But if “infill” is defined as building nice new homes and nice new shopping centers and nice new job-creating businesses in the true “inner city” that was passed by during the great leap to the north after World War II, then City Hall has a nearly impossible chore ahead of it. That 45% infill goal will mean turning all those tiny dots on Bergthold’s maps into something spiffy.

How that’s to be done in a country that still prizes rule of law and private property is the challenge facing Brand’s Infill Development Subcommittee.

V. INNER CITY LAND RUSH OR BUST

I can guarantee you this — the 50 or 60 people who spoke so passionately to the City Council last April about an infill-centric 2035 general plan update didn’t view successful “infill” as merely turning 20 acres of empty land on Shields Avenue four miles west of Highway 99 into 120 homes of 1,200 square feet each.

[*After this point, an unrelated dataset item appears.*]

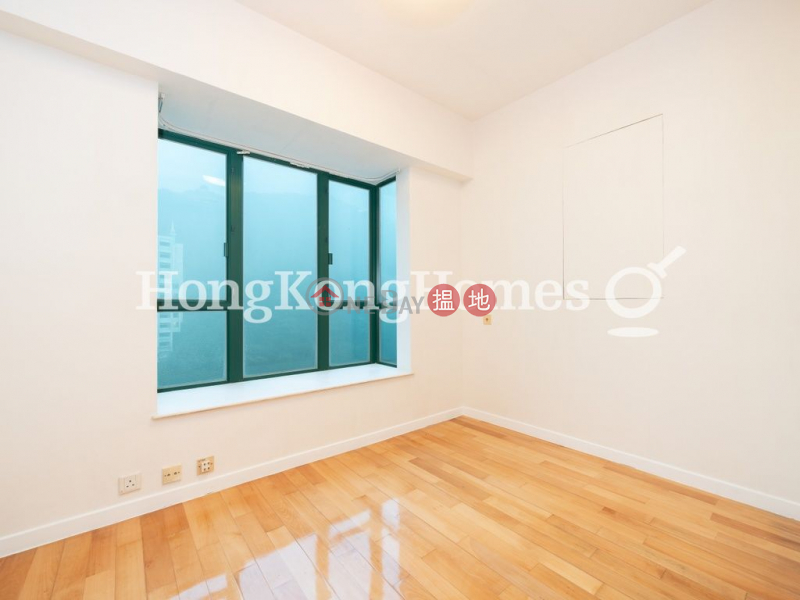 3 Bedroom Family Unit for Rent at King Yu Court 43-45 Tin Hau Temple Road | Eastern District | Hong Kong | Rental HK$ 50,000/ month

Brand, Baines and Olivier know this. Bergthold knows this. The administration of Mayor Ashley Swearengin knows this. The 2035 general plan update, the Infill Development Subcommittee and Brand’s proposed Infill Development Act won’t be judged a success by history unless the next two decades lead to a substantial rebuilding of what anyone with common sense recognizes as inner Fresno.

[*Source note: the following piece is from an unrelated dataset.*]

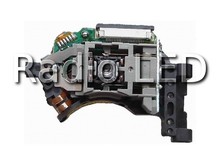 Лазерная головка SF-HD850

Brand’s subcommittee is charged with finding the design and code policies that make it financially feasible for private-sector developers to build homes and retail sites in inner-city Fresno with a minimum of taxpayer subsidy.

But … why? Why do city leaders want to have a million or two million Fresnans a century from now living in a high-density inner-city?

I know the usual answer. Fringe growth is too expensive for City Hall. That’s the conventional wisdom. Maybe, maybe not. I’d be more willing to buy that notion if headquarters for the northwest police district weren’t on Hughes Avenue, south of Dakota Avenue. The northwest police district station resides in an inner-city neighborhood because many of the neighborhoods in far northwest Fresno don’t need all that much 24/7policing.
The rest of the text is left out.